Aujourd’hui, malgré la référence « universelle »
(textes internationaux et nationaux) à l’inclusion, il reste encore de nombreux
enfants en situation de handicap dont la scolarisation s’effectue en dehors des
espaces communs (toutes les institutions n’ont pas externalisés leurs unités
d’enseignement dans les établissements scolaires), avec des enseignants hors du
système éducatif commun (les enseignants spécialisés pour sourds ou aveugles
relèvent encore pour partie d’entre eux du ministère de la solidarité).
Persiste encore très fortement l’impossibilité conceptuelle de concevoir une
scolarisation ordinaire pour des enfants dont les situations de handicap sont
importantes et complexes. Ces situations placent d’emblée une politique
inclusive dans le champ d’une ségrégation persistante.
On pourrait caractériser comme semi-intégratif et
semi-ségrégatif tout un ensemble des dispositifs mis en place depuis une
vingtaine d’années, et qui seront vraisemblablement en place encore pendant un
certain temps. Relèvent de ce modèle mixte des dispositifs comme les ULIS
(Unités localisée pour l’inclusion scolaire) ou les UEE (Unités d’enseignement
externalisées). Ces dispositifs sont bien localisés dans un établissement
scolaire (face intégrative), mais à part (face ségrégative) : dans des
locaux spécifiques, avec des professionnels dédiés, avec une sociabilité
particulière, l’ensemble de ces modalités étant censées répondre à leurs
« besoins particuliers ».
Mais faut-il supprimer systématiquement la part ségrégative
de ces dispositifs pour qualifier la situation d’inclusive ? On peut voir
ces dispositifs comme une transition insatisfaisante vers une école inclusive.

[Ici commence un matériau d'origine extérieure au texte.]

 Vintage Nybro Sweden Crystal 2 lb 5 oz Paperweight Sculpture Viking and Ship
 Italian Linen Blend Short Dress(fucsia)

Mais on peut les voir aussi comme des conditions nécessaires d’appartenance
inclusive. A. Marcellini (dans l’ouvrage dirigé par J.P.Tabin et al : Repenser
la normalité, 2020) évoque, dans un autre registre mais la même
problématique, la situation des sportifs handicapés de haut niveau. Leur
performance sportive reste modeste dans le monde sportif ordinaire. Par contre
dans le monde du sport-handicap, « elles atteignent des sommets,
remportent des championnats, assument une identité sociale, ce sont des modèles
pour les jeunes handicapés… » (p.30). La référence au handicap et à son
monde n’est pas une stigmatisation, mais le lieu de l’indépendance et de
l’émancipation.
Les modalités de scolarisation des jeunes sourds interrogent
de la même manière. La ségrégation mettait les sourds en dehors du monde.
L’intégration exigeait qu’ils parlent oralement pour être à l’école de tous.
L’inclusion individuelle, même avec la reconnaissance de la langue des signes,
les exclut des sociabilités ordinaires. Le regroupement, sous le signe de la
surdité, fait référence pour une inclusion dans l’institution école.